First, both countries have agreed to intensify the implementation of projects under the Belt and Road Initiative, now to be developed under the Trans-Himalayan Multidimensional Connectivity Network umbrella first announced in 2018. Although the funding modality of the Detailed Project Report for the railway is yet to be decided, China has agreed to start work. More importantly, the rail network will extend to Pokhara and Lumbini.
But the railway is just one part of the bonanza, and dependent on the Tibet rail network first reaching Kerung itself. With much of the focus remaining on connectivity, China will first build a critical road stretch between Kathmandu and Rasuwagadhi that will reduce the distance to the northern border significantly. The Rasuwagadhi border has emerged as a key alternative to the Tatopani border, which recently opened after the 2015 earthquake damaged it. Nepal’s foreign minister, Pradeep Gyawali, said the railway project is complicated, and expects the tunnel project to be completed before the former.
Nepal’s quest for connectivity received a further boost with China agreeing on principle to develop the key border points of Mustang, north of Pokhara, and Kimathanka in the east. Along with Hilsa in the west, these border crossings will be the roadheads for the three north-south road corridors China has also agreed to develop. Xi also announced Nepalese rupee (NRs) 56 billion in assistance over the next two years, before saying China would assist Nepal in becoming a “land-linked” country from a “land-locked” one.
More than two dozen agreements were signed, but the substance of Xi’s visit was clear. China prioritises Nepal, as a Kantipur editorial said, and offered to closely partner with Nepal for connectivity. If the projects and agreements move forward as expected, the editorial said, it will free Nepal from its dependence on India for imports.
Although Nepal’s current tilt to the north began after the 2015 blockade, Xi’s visit marks a new landmark in bilateral relations. Beyond the optics of a sitting Chinese president visiting the country in 23 years, the declaration of a strategic partnership will be of particular interest in the days to come. Local analysts have interpreted this as the importance of Nepal in China’s worldview.
There had been talk of an extradition treaty being signed before Xi’s visit, a development that was quashed by the government. But discussions have been ongoing, and the statement has called for “an early conclusion” on the treaty.
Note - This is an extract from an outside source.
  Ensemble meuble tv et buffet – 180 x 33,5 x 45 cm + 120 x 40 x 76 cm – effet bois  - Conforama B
Whether the delay has been because of Nepal’s international refugee commitments, or the fact that it hasn’t updated the old 1953 agreement with India despite the latter’s insistence, isn’t clear.
However, let that not deter attention from the agreement to “strengthen cooperation between the law enforcement agencies on information exchanges, capacity building and training”, with 100 Nepali security personnel travelling to China every year till 2022. This ties in with recent Chinese assistance in security infrastructure development and greater aid to districts bordering Tibet. Beijing’s largesse also indicates its satisfaction with Kathmandu’s cooperation in all matters Tibetan.
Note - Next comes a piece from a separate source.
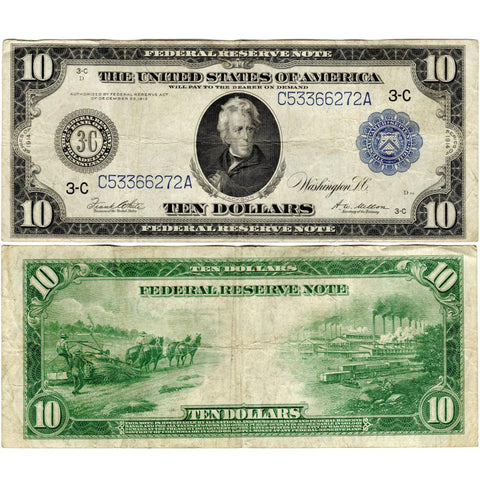 1914 $10 Federal Reserve Bank of Philadelphia Fr. 912 - Very Fine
But the road ahead isn’t as smooth as it seems. The US is keen Kathmandu make its position clear on the Indo-Pacific strategy, while China itself may have issues with Nepal’s lack of movement on prior commitments. Xi’s statement at the welcome dinner saying “We’ve completed projects we’ve built and initiated. We’ve done the same in China (translation mine)” has been alluded as him advising Nepal to do the same.Further, despite increasing rapprochement between Delhi and Beijing, a new paradigm hasn’t appeared in Nepal-India relations post 2015.
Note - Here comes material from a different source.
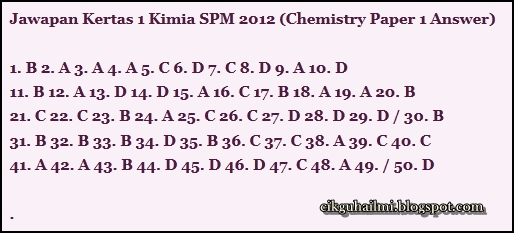 Jawapan Kertas 1 Kimia SPM 2012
However, the mood in Kathmandu is upbeat. Xi’s visit paid attention to the cultural and people-to-people links between the two countries, and it is likely that Chinese tourists will once again top the number of visitors to Nepal next year even as more exchanges will take place. “The flame runs high when everyone adds wood to the fire,” Xi quoted a Chinese proverb in an op-ed published across major newspapers before his visit. The fire has been lit. Now it is Nepal’s turn to put in the wood.